The task
The records below must be transcribed precisely and in full.

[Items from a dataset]
----------------------------------------

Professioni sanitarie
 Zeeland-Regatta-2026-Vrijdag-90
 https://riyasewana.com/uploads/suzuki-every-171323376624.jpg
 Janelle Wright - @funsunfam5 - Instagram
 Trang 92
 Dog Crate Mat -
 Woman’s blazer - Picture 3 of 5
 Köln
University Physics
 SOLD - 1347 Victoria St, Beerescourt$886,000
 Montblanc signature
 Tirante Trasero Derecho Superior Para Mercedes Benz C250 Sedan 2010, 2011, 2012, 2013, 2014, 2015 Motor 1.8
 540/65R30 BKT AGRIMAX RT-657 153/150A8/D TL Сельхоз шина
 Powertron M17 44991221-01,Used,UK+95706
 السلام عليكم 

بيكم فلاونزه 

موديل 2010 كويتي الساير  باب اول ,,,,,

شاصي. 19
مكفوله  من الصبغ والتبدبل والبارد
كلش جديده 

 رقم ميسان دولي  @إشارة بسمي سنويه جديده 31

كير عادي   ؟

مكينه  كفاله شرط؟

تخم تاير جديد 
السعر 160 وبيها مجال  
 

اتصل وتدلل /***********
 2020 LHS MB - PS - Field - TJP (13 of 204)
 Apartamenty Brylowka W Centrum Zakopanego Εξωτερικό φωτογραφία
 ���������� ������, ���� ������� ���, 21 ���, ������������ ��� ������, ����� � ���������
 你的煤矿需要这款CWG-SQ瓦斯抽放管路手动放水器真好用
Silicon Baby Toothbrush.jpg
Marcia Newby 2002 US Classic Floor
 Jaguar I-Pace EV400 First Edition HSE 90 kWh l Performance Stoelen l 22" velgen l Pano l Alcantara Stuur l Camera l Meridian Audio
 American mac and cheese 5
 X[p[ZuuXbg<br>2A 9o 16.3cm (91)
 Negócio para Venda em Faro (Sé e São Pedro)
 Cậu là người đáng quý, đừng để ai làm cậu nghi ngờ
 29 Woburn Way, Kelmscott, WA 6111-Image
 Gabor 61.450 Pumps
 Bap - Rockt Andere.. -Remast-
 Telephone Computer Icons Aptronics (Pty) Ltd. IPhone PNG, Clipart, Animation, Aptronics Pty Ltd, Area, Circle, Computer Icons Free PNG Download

----------------------------------------

Exercise answer
Professioni sanitarie
 Zeeland-Regatta-2026-Vrijdag-90
 https://riyasewana.com/uploads/suzuki-every-171323376624.jpg
 Janelle Wright - @funsunfam5 - Instagram
 Trang 92
 Dog Crate Mat -
 Woman’s blazer - Picture 3 of 5
 Köln
University Physics
 SOLD - 1347 Victoria St, Beerescourt$886,000
 Montblanc signature
 Tirante Trasero Derecho Superior Para Mercedes Benz C250 Sedan 2010, 2011, 2012, 2013, 2014, 2015 Motor 1.8
 540/65R30 BKT AGRIMAX RT-657 153/150A8/D TL Сельхоз шина
 Powertron M17 44991221-01,Used,UK+95706
 السلام عليكم 

بيكم فلاونزه 

موديل 2010 كويتي الساير  باب اول ,,,,,

شاصي. 19
مكفوله  من الصبغ والتبدبل والبارد
كلش جديده 

 رقم ميسان دولي  @إشارة بسمي سنويه جديده 31

كير عادي   ؟

مكينه  كفاله شرط؟

تخم تاير جديد 
السعر 160 وبيها مجال  
 

اتصل وتدلل /***********
 2020 LHS MB - PS - Field - TJP (13 of 204)
 Apartamenty Brylowka W Centrum Zakopanego Εξωτερικό φωτογραφία
 ���������� ������, ���� ������� ���, 21 ���, ������������ ��� ������, ����� � ���������
 你的煤矿需要这款CWG-SQ瓦斯抽放管路手动放水器真好用
Silicon Baby Toothbrush.jpg
Marcia Newby 2002 US Classic Floor
 Jaguar I-Pace EV400 First Edition HSE 90 kWh l Performance Stoelen l 22" velgen l Pano l Alcantara Stuur l Camera l Meridian Audio
 American mac and cheese 5
 X[p[ZuuXbg<br>2A 9o 16.3cm (91)
 Negócio para Venda em Faro (Sé e São Pedro)
 Cậu là người đáng quý, đừng để ai làm cậu nghi ngờ
 29 Woburn Way, Kelmscott, WA 6111-Image
 Gabor 61.450 Pumps
 Bap - Rockt Andere.. -Remast-
 Telephone Computer Icons Aptronics (Pty) Ltd. IPhone PNG, Clipart, Animation, Aptronics Pty Ltd, Area, Circle, Computer Icons Free PNG Download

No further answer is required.